Pygmy Lush – Old Friends
I no longer age, though the world around me changes. That’s as close to mediating on mortality as I come, being a boy-man of indeterminate years, and that’s the frame of reference in which I’ve absorbed Old Friends, the third album by Pygmy Lush. Earlier output attempted to prove there was no David Bowie/Ziggy Stardust dichotomy at work, splitting the difference between severe and serene, and showcasing the same everything-at-once aptitude that Johnny Ward and the Taylor brothers pulled off at higher volume and greater physical risk whilst in Pageninetynine. That the same musicians whose music resonated with me years ago are still able to hit home via another genre is proof enough: the strongest trees have the deepest roots, and the ring-count doesn’t always matter.
The Pains Of Being Pure At Heart – Belong
I've always deserved a mousey girlfriend who wears sundresses, remembers episodes of My So-Called Life as vividly as I do, and chooses “piggyback ride” whenever transportation options are discussed. Thanks to Belong, I finally have that, if only for 39 minutes at a time.
What band did you discover in 2011 (can be a brand new band or an older band) that had an impact on your life? What made them significant?
Deafheaven – Roads To Judah
My introduction to Deafheaven’s Roads To Judah took place the first time thermometer readings edged over 80° in New Jersey this year, as soundtrack to a 7-mile hill run. Fitting in ways I didn’t realize at the time, Roads To Judah continually found its way into rotation this year to soundtrack similar moments both punishing and quixotic – mini-events through which physical association forced an emotional response. Translation: Roads To Judah was (and still is) life-affirming in the most direct of ways. The band’s live performances and subsequent post-show group bromance sessions did nothing but reinforce that.

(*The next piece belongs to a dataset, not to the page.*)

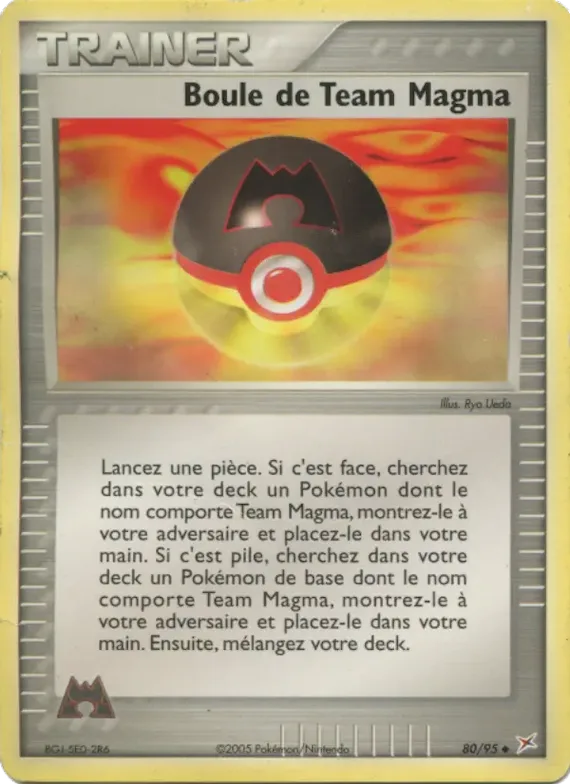 Boule de Team Magma 80 – EX Team Magma vs Team Aqua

How will you remember 2011 (in terms of music)?
2011 was a sleeper year of sleeper hits. I admittedly got burnt out on music (comparatively speaking) last year, between learning the ropes of launching a label, and trying to keep up with releases despite dwindling funds. Despite only listening to a fraction of what I wanted to, 2011 still delivered so unexpectedly – and consistently – that it’ll be the latest banner year that the next few are measured against.
What can we look forward to from you in 2012?
Industry.
What records are you looking forward to most in 2012?
I don’t dig as deep as I used to, and tend to fall into releases as they arrive nowadays, but here’s the short list: Spiritualized’s Sweet Heart Sweet Light, and the as-of-yet-untitled albums by The Knife and Fiona Apple.
What did you expect to be huge in 2011 which never made it?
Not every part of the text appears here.